The Incredible Hulk type of rage but with boobs and long hair: the“Hulk smash” archetype. Incredible Hulk me screamed, cried, yelled, and destroyed the people who had hurt me as a child – smashing the memories over and over again against the walls of my brain. At many points during this time when I was so furious and blaming God/Divine Source, and buying into the belief that Divine Source was the “source” of all that had happened to me, I yelled, “Fuck You” to the entire universe.
I remember freezing, stunned at myself, and wondering if I would be punished for it somehow. Those Christian beliefs: “Sinners in the Hands of an Angry God,” hellfire, struck down by lightning, pillar of salt, and all the other fear teachings that I had learned popped into my head accompanied by a bone deep, soul deep fear.
Obviously, none of this happened. Intellectually, I knew those thoughts were beyond ridiculous, but a very real part of me totally bought into them. Dang it!

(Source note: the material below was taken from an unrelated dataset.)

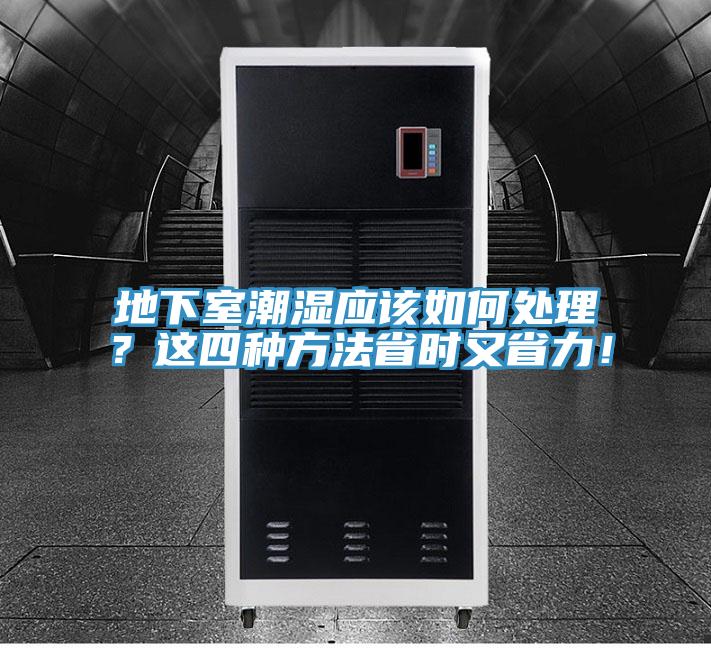 地下室潮濕應(yīng)該如何處理？這四種方法省時(shí)又省力！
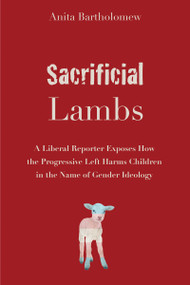 Sacrificial Lambs (A Liberal Reporter Exposes How the Progressive Left Harms Children in the Name of Gender Ideology) by Anita Bartholomew, 9781634312745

As I systematically worked through the memories, these myriad violations that I had suffered to my person, my internal pressure cooker would fill with steam and sometimes the steam control valve let out just enough steam to keep the lid on, but at other times during the more painful memories and realizations, the pressure built to the point that the entire pressure cooker would explode in violent upwellings of fury, impotent fury. The silent screams, strangled sobs, and fetal rocking witnessed only by the walls of my bedroom and bathroom.
What I was so impotently furious at were the violations of me, the people, who had perpetrated them upon me, and the fact that I was a child and unable to defend myself or be protected and defended from those who hurt me over and over again. I would feel guilt about these feelings because I was taught to forgive and forget, but that Christian belief was not nearly enough to cool the fires of rage: goddamn men, goddamn the patriarchal bullshit, goddamn all the fucking pedophiles, goddamn God because He was male, too.
Fuck the universe and whoever designed it.
Those vicious fantasies of hurting those who had hurt me – I blamed myself for not being a warrior child and beating them, stabbing them, knocking them unconscious, taking my brother and running away.
I often felt guilty after these fantasies, but I couldn’t forgive them, and I couldn’t make the rage go away no matter how hard I tried. And I tried so hard over and over again because I didn’t want to be that person. That non-Christian person, who doesn’t forgive and forget because to forgive and forget is divine.
To forget is simply another lie.
Just as I could not forgive men and forget, I could not forgive my parents. My feelings for them were tangled and myriad. I hated and loved them, was so angry with them, and felt guilty because I knew that they had suffered trauma and abuse, too. None of that helped me to get over it.
When we suffer trauma, our conscious minds might forget, but our bodies don’t and that pain torments us in countless ways. So, we should remember, and we should heal because it’s when we don’t remember, and we aren’t aware that allows the perpetuation of the cycles of abuse and neglect to continue generation after generation.
My parents and my grandparents never forgot their hurts, they told stories. Painful memories of terrible abuse. I could feel their hurt and their rage. Those memories and those feelings stuck within them for decades upon decades, never healed.
Some of my own decades old memories were laser etched, embedded, and entrenched in my mind and body, too. During this period my right side hurt so horribly at times I literally writhed in pain, a pain that despite the amount of Reiki I gave myself, I couldn’t heal. I also suffered intense burning pain, like jellyfish stinging me over and over in my bladder at odd times that left me breathless or wincing.
I didn’t connect the physical pain with my emotional pain – the rage and sheer pissed off-ness until my Holy Fire Reiki class when a fellow student, who performed Reiki on me said it wouldn’t heal until I loved myself.
All the hate and rage I had felt for most of my life, I had turned inward rather than outward, and as I learned in my Reiki class, we store our emotions in our bodies: rage in the liver and pissed off-ness in the bladder.
The worst part was to come because I hated myself the most, more than any of the people, who had hurt me; I just didn’t consciously realize it yet.